The cynic in me says you should McDouble down on MCD and the diet drug biotechs to really play on the obesity epidemic. Cynicism aside, as a global brand there is only Apple that comes close. McDonald's is practically a cradle-to-grave investment. You buy the stock to interest your children but with the dividend reinvestment you can hold it to your grave. Just don't go to your grave earlier than necessary by overindulging in their wares to support your stock position. I wouldn't be surprised if someday they make a McFormula for infants. Seriously, why haven't they?
I can't think of another food or restaurant company that takes new product innovation and execution more seriously. Where Ford started the industrial revolution by using the assembly line to standardize and improve efficiency, McDonald's has done the same by standardizing the preparation of each food item and then going one step further by tweaking certain items to satisfy international preferences in their own countries. My daughter reported the McBaguette actually is doing quite well.
The summer driving season is starting soon as well and although gas prices have come down and oil is even lower today where else can you go for a fast, cheap meal in a dependably clean restaurant and get right back on the highway in minutes? Some of this is so obvious but it bears being said.

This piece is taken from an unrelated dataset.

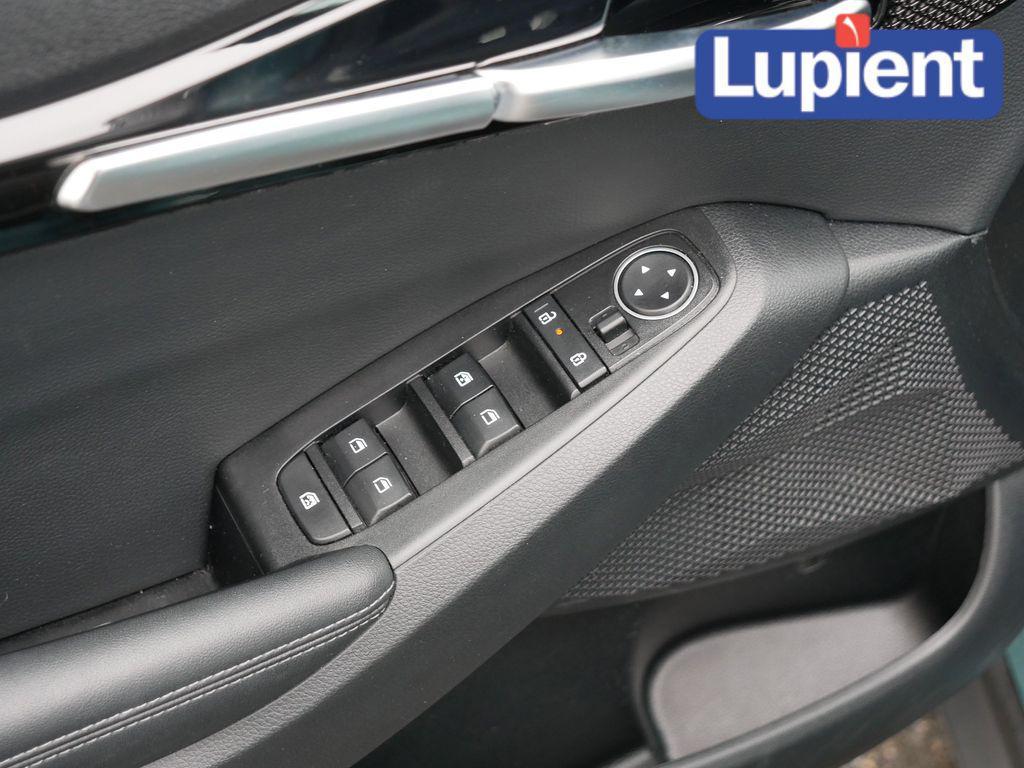 used 2025 Kia Seltos car, priced at $24,747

I do think this can be a long term core position in any portfolio, especially when ag commodities go lower. I would love to buy it in the eighties and in a market slump it might happen, but that yield will still keep you warm at night. Me, I think you can buy this with both hands just like you would holding a Big Mac. As to its competition I do see YUM! (NYSE: YUM)with its market cap of 32.4 billion and 22 PE continuing to do well in China but Wendy's (NASDAQ: WEN) with a market cap of 1.8 bil and 87 PE will probably never overtake the juggernaut that is McDonald's having a market cap of 93.1 billion and almost double the yield of either. I thought about some wordplay with juggernaut and nugget but I will spare you, dear reader.
Another very encouraging note for the long term holder is this week's reporting from the financial press that McDonald's is plannning to sell a bond offering to finance the hiring of some 70,000 workers to expand their showing in China. If they plan to offer the Chicken McBites that they had for a limited time this spring I think this is a slam dunk. Considering how much the Chinese love YUM!s Kentucky Fried Chicken certainly MCD has a shot. If the stock trades lower on the bond offering this is a gift. The continuing upside over the years is well, dare I say it, tasty.
At around 16 PE or so maybe there are other defensive names that are cheaper, I mean there are, BUT like some of the low end retail names doing well out there these last few years this is a triple play on a stretched consumer, international growth, especially Asia and a fortress brand name recognition.
A final shout out to Shia. I loved your acting in Holes and while you couldn't pay me to see Transformers, not your fault, I think you are very talented. But what I want to know is what are you buying right now, my man? Call me, Shia!
I have not had nor do I have a position in McDonald's or any other restaurant stocks. I may initiate a position but not until I see how the market shakes out after Memorial Day. The only position I take in McDonald's right now is head bowed reverently over a double cheesburger, no mustard, no ketchup, and fries.